January 16, 2020
Just after the holidays, we held the second short course, as part of the SCATE project, on Phylogenetic Comparative Analysis of Integrated Anatomical Traits at the SSB 2020 meeting in Gainesville, FL. The course is an introduction to ontologies and their application in phylogenetic comparative analyses. We demonstrated how to use anatomical dependencies derived from ontologies to better model character evolution, and how semantic similarity of traits could be integrated in a comparative analysis.
The hands on sessions included demos of RPhenoscape and the PARAMO pipeline. Using these tools, attendees learned how to query for phenotypes in the Phenoscape KB and build character matrices that take anatomical dependencies into account. They also learned to construct stochastic character maps for body regions and whole organismal anatomies on a phylogeny.
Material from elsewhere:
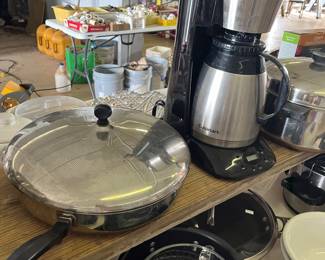 NICE CUISINART COFFEE MAKER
The large number of attendees (37!) came with a range of abilities, from novice R users to experienced developers, and from a range of career stages, from undergraduate students to postdocs and faculty. Anticipating that running a workshop with a group this large would be challenging because of the possible technical issues that can arise, we built in “tech troubleshooting” time at the beginning of the course to help install the R package. Participants either interactively followed the tutorials using the RMarkdown files in RStudio or followed a rendered version of the course materials on the course website.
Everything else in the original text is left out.